Because the Dayton, Ohio, region is situated on a giant aquifer, people there are less tuned into water conservation than in other areas of the country, Koval says. “People who have irrigation systems might not be looking at their water bills or thinking about the money they could save.”

So, it’s his job to help them understand the potential savings that smart systems can deliver. The main barrier now is education and return on investment, Koval says. “There is an added expense involved in upgrading the controller,” he says. But Koval proved the savings by offering to put in a free controller on one client’s property. “Try it, if you don’t like it, I’ll put the old controller back in,” he told her.

Interestingly, this was an older customer who you might expect would prefer the old way. However, she uses an iPad to talk to her grandkids and uses apps regularly. “The interface on the Wi-Fi controller (app) is much easier for her to understand, and it helped her out a lot,” Koval says. Needless to say, she didn’t ask Koval to take the smart controller out.

Newlin launched an email campaign last year to alert clients that they could swap out the same-old irrigation controller with the smart, Wi-Fi version. “We had about 40 replies from that blitz,” he says of requests for the upgrade.

Often, opportunities to introduce the technology occur in the field. “When our technicians are out talking to customers or if their controllers are on the fritz, that’s when we’ll propose the smart controller,” Henks says. “And, we’ll send out promotions as sprinkler season gets near and provide a special offer. Or, while we’re performing another service, we’ll offer the controller at a certain price to get people interested in it.”

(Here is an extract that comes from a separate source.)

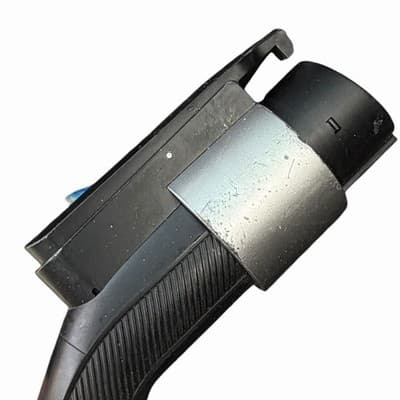 Evayafox Level 2 Q12-LED EV Charger 48 Amp RFID Card, 25ft Cable, 240V, 11 KW - Thumbnail 4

For tech-savvy mobile clients, the smart alternative is enticing and easy to use. “They gravitate toward it easily,” Henks says.

Adopting and advancing with technology.

With the evolution and growth of the outdoor living industry, smart technology goes hand-in-hand with creating a true environment. “We see a huge market for (smart technology),” Henks says, noting that the tech can be as simple or advanced and integrated as a client wants. Some will go for simple smart systems – like a fire pit that can be controlled by an app or remote control, or a Wi-Fi irrigation controller. Others will find ways to tie together outdoor tech with complete smart home systems.

“There are many options, and as we expand our knowledge and become better at what we do, the more we can offer customers,” Henks says, relating that there’s always a “battle” with scheduling time in the office for training and dedicating hours in the field. “The second you get too comfortable with a technology, it changes again and you have to learn it,” he says.

© irina88w | iStockphoto

You can never stop learning – and teaching crews. “There is a learning curve,” Henks says.

Newlin explains that even with Wi-Fi controllers, there are different “levels” of technology. A basic setup allows clients to control the system remotely, and Quality Services to monitor the system via a dashboard. Adding a layer to that, the software will integrate with smart controllers to create work orders when a problem arises. Koval explains how some smart controllers feed data to a “database” (belonging to the manufacturer), so there is record of water usage.

Aside from controllers, there are “smarter” sprinkler heads that are more efficient, Koval says. And, as Henks is exploring, the outdoor environment can come to life with smart lighting and remote features (fire pits, water features) that let homeowners customize and just have fun with the systems.

Henks says, “I’m hopeful and excited for how we’ll expand on the technology and include platforms that do more than lighting, but other customizable parts so owners can create their own environment.”